++++ Records shown

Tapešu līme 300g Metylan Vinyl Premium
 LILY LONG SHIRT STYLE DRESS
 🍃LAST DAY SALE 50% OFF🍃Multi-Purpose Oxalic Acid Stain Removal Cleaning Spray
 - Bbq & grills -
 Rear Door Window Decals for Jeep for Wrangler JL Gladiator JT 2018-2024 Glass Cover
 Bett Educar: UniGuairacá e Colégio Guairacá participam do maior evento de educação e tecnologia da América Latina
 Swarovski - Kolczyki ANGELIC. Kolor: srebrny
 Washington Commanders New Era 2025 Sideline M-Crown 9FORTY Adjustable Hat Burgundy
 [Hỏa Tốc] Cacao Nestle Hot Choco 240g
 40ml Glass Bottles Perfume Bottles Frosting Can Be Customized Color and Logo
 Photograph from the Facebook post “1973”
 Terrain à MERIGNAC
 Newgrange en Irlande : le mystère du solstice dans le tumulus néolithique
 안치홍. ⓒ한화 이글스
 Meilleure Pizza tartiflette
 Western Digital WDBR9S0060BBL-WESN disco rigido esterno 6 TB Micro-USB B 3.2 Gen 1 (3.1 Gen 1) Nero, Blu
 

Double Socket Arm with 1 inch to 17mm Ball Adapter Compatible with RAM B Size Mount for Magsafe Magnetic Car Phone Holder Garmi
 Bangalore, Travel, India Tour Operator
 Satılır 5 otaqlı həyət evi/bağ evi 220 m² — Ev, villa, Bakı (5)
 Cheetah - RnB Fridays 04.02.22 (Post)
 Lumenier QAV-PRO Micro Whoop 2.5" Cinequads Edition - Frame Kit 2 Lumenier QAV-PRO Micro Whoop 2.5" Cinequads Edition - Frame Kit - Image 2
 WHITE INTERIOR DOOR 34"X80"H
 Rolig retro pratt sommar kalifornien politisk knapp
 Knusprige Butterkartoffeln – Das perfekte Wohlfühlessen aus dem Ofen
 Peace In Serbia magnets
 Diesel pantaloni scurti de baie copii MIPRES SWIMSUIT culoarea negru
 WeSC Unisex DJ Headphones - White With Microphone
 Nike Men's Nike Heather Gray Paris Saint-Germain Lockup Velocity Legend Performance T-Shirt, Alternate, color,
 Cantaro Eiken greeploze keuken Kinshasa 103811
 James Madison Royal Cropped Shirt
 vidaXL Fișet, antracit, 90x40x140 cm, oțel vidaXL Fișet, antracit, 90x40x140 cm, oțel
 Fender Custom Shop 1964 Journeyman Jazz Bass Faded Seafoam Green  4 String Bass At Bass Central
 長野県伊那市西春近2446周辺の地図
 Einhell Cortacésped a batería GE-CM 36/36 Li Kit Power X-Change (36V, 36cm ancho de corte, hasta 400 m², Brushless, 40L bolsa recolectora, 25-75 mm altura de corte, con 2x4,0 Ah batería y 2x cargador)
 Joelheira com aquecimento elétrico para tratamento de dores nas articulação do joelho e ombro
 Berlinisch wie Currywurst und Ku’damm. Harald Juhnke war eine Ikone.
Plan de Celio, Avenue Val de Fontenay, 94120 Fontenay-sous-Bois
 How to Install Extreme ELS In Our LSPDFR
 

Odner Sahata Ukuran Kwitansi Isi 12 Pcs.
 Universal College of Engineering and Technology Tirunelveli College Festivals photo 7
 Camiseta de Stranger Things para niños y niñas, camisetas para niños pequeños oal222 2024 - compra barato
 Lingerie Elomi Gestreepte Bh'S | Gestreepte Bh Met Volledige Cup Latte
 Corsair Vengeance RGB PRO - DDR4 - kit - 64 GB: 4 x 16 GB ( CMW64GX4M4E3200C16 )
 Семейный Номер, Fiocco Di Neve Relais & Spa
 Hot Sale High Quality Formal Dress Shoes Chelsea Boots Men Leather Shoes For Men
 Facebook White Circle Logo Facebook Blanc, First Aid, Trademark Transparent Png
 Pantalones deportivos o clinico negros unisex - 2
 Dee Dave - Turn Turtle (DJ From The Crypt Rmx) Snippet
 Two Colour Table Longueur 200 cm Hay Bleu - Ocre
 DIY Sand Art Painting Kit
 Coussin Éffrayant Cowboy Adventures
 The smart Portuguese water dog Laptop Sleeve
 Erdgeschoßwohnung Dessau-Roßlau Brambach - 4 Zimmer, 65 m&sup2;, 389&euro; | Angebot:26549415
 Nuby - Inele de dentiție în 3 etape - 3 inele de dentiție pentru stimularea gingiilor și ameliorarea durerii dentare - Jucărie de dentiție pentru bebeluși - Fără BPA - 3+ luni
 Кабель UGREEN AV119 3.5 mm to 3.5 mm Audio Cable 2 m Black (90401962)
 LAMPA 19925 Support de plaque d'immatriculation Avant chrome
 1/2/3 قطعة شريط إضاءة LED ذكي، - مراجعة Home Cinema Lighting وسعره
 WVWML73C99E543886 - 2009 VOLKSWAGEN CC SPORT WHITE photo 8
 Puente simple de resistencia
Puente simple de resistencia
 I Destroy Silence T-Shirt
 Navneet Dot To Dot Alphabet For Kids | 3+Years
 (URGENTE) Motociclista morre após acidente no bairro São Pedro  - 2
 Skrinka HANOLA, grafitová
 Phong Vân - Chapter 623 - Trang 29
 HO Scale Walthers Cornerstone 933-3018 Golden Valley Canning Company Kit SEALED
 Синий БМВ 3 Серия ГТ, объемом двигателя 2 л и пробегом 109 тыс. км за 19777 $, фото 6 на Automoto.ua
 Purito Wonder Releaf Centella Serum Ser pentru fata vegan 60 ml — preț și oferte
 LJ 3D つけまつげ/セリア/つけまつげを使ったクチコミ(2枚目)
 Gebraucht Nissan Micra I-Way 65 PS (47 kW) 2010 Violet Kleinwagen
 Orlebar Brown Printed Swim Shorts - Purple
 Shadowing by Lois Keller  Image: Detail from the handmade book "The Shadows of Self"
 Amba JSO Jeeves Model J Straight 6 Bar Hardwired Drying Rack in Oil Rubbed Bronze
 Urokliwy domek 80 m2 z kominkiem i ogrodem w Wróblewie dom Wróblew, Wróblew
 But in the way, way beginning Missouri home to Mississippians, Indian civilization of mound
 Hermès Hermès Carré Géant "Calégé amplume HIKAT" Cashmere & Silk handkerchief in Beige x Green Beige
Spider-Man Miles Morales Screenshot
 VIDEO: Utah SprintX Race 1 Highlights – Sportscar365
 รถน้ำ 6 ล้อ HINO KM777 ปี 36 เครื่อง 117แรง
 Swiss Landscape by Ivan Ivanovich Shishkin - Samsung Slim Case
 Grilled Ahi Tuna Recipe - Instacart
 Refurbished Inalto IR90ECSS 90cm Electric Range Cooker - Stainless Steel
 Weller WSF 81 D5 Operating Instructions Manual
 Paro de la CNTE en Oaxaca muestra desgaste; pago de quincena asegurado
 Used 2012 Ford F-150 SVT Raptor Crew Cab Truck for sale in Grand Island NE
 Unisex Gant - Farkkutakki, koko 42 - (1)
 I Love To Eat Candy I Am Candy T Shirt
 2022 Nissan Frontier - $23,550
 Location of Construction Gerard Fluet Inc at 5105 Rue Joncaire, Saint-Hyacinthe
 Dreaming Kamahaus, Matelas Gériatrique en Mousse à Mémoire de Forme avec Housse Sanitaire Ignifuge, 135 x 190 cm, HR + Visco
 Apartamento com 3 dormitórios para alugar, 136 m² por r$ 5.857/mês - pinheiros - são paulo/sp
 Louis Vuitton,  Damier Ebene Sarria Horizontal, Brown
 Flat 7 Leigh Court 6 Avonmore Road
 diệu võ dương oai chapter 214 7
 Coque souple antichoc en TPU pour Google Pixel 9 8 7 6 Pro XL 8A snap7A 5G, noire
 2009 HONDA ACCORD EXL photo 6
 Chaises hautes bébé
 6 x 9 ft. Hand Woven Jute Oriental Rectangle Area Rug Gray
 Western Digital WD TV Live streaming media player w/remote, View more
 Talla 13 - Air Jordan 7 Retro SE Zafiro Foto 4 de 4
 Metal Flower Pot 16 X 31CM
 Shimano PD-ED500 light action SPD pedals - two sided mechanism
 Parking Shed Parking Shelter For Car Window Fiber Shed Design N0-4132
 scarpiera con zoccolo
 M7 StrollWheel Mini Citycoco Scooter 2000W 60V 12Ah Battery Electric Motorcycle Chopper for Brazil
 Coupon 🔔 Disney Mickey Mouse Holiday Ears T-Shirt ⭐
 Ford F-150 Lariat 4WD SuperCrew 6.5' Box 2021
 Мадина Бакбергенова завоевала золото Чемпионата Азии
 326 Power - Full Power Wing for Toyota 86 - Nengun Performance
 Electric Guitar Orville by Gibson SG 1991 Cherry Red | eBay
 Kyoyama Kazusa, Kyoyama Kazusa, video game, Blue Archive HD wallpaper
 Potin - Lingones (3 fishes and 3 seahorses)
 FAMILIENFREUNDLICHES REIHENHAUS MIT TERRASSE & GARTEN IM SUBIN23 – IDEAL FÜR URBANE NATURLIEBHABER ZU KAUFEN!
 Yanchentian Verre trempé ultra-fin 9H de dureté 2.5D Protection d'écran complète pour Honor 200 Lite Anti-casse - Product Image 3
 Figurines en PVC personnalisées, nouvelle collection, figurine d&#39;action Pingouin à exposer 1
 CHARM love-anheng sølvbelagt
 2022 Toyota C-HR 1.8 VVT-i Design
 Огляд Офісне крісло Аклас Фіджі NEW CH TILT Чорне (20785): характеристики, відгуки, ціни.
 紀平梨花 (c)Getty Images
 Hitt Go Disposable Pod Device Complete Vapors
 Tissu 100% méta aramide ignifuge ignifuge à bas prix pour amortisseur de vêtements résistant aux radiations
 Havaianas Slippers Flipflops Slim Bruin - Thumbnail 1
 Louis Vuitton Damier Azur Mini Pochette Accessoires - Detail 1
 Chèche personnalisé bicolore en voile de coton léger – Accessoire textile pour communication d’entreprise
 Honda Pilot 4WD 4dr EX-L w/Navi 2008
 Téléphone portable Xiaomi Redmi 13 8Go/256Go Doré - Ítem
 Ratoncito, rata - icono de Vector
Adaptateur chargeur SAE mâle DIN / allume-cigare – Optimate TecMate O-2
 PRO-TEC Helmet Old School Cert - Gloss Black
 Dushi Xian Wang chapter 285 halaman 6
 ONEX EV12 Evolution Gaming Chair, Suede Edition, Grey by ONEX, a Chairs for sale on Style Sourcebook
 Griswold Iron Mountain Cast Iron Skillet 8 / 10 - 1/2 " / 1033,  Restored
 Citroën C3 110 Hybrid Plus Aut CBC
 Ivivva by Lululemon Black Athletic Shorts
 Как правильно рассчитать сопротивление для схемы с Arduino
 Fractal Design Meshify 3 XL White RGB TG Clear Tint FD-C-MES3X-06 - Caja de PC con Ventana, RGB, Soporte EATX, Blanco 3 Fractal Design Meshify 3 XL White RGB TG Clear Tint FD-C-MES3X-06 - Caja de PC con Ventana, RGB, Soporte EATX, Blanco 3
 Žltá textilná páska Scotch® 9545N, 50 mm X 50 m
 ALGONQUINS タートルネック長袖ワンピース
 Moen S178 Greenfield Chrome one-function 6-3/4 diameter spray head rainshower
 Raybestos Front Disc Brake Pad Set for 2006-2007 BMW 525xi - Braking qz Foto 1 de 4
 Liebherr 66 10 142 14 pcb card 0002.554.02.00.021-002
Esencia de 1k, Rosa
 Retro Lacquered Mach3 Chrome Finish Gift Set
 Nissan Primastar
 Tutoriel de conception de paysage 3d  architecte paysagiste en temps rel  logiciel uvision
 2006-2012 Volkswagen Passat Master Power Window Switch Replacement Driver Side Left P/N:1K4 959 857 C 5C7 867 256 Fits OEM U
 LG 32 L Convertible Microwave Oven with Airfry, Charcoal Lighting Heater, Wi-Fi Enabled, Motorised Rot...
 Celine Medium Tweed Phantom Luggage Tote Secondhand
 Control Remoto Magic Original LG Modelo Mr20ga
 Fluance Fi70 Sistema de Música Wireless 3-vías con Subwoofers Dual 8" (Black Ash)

++++++++

Try it: Produce a word-for-word copy of everything above from the line holding "Joelheira com aquecimento" down to the line holding "Lingerie Elomi Gestreepte", with both of those lines kept.

Answer to this exercise:
 Joelheira com aquecimento elétrico para tratamento de dores nas articulação do joelho e ombro
 Berlinisch wie Currywurst und Ku’damm. Harald Juhnke war eine Ikone.
Plan de Celio, Avenue Val de Fontenay, 94120 Fontenay-sous-Bois
 How to Install Extreme ELS In Our LSPDFR
 

Odner Sahata Ukuran Kwitansi Isi 12 Pcs.
 Universal College of Engineering and Technology Tirunelveli College Festivals photo 7
 Camiseta de Stranger Things para niños y niñas, camisetas para niños pequeños oal222 2024 - compra barato
 Lingerie Elomi Gestreepte Bh'S | Gestreepte Bh Met Volledige Cup Latte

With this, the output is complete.